Counsel for the Applicant submitted that the Respondent had at all times been obtuse. I grant, as indeed the Respondent himself now
accepts, that he was wrong in refusing the request of the Applicant for de-recognition. I also accept that a person in the position
of the Respondent has a responsibility to be familiar with all legislation affecting the area of industrial relations including,
for example, the Act making the
Applicant the legal successor of the Colonial Mutual Life Assurance Society Limited in the Fiji Islands with the consequences following
from that set out in the Act, in particular Section 5(2).
In my judgment therefore the proper course for the Applicant to have followed once it had entered into the Agreement of the 8th of June 2001 was to attempt to negotiate settlement of the litigation with the object of obtaining an order by consent granting Judicial Review and quashing the decision of the 30th of May 2001. It reflects no credit on the Applicant that this course was apparently not even attempted. Reading the Respondent’s submission I would be most surprised if the Respondent would not have agreed to such a proposal.

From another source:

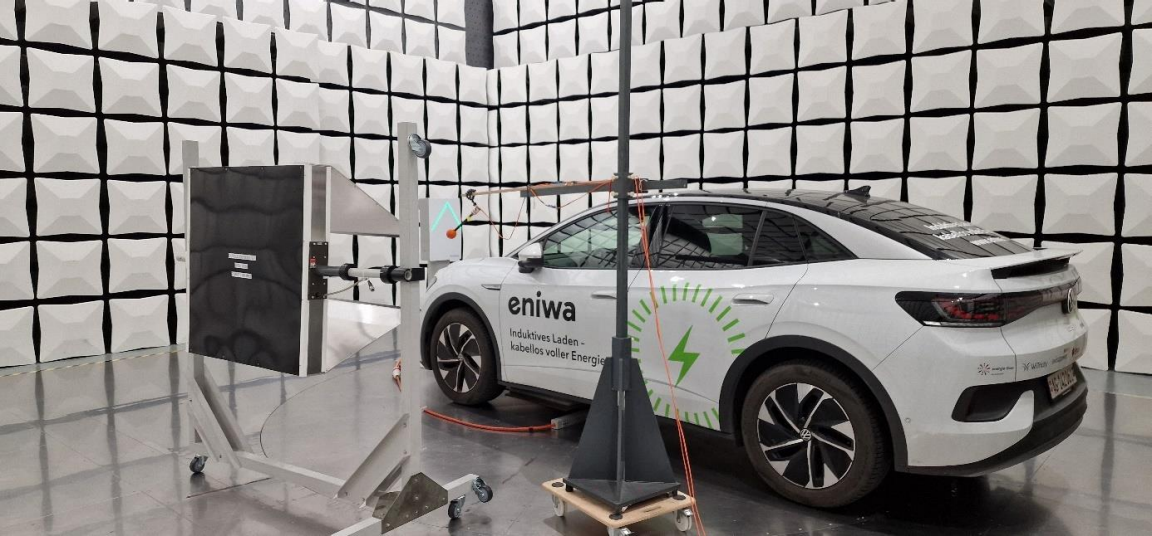 Elektrofahrzeug mit induktivem Ladesystem in einer EMV-Testhalle mit Messgeräten und Antennen.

The result is in my view that the time of the Court has been unnecessarily taken up by having to consider the submissions made by the parties.
As I said at the beginning of this Judgment the Applicant must succeed and is entitled to an order for certiorari quashing the decision of the 30th of May 2001 but it seems to me it has won a Pyrrhic victory. In the circumstances I decline to make any order for costs.